Economists have predicted that the Bank of England will hold off on announcing any more government bond buying tomorrow, following a series of recent positive data reports.
The Bank’s rate-setting monetary policy committee is set to reveal tomorrow whether it will change interest rates above their longstanding low at 0.5 per cent or carry out further monetary easing under the quantitative easing (QE) programme.
The QE programme currently stands at £375bn of government bonds purchased.
Unemployment levels and manufacturing PMI data in the last month were both positive, although services PMI showed a shock contraction that indicated we could be heading for a triple-dip recession.
Simon Ward, economist at Henderson, said: “I would be very surprised if there was more QE tomorrow. Over the last month economic news has been mixed, including a positive chambers of commerce survey, and inflation is above target too.”
Nick Beecroft, senior analyst at Saxo Capital Markets, said that promising global factors also made further QE less likely:
“On the international front, the eurozone crisis seems to be contained and the US fiscal cliff negotiations brought at least temporary relief.

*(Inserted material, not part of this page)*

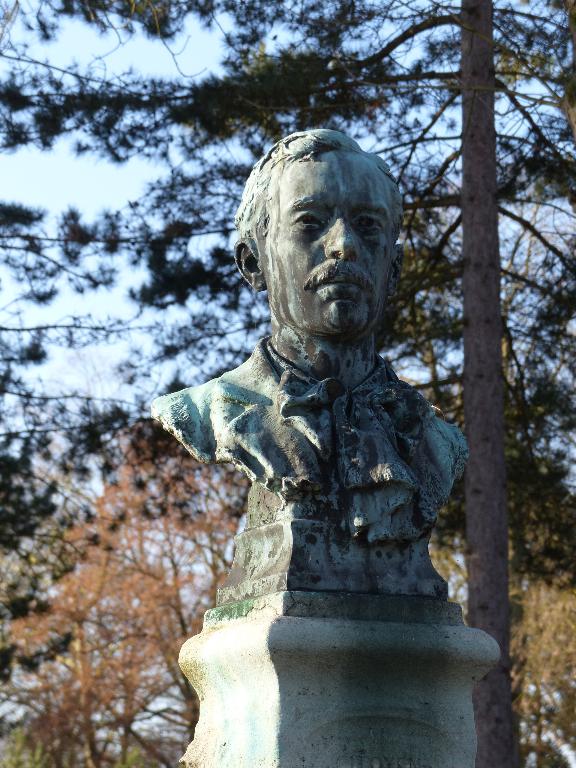 Monument funéraire d'Adrien Fauga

“Given this backdrop, there seems to be little reason not to ‘keep the powder dry’.”
However, Vicky Redwood, chief UK economist at Capital Economics said that the Bank would be unlikely to hold off on the asset purchase programme for long.
“The renewed pick-up in inflation and the tentative success of the Funding for Lending Scheme (FLS) mean that more quantitative easing (QE) does not look imminent,” she said.
“But if the economic stagnation continues as we expect, more asset purchases still look likely this year.”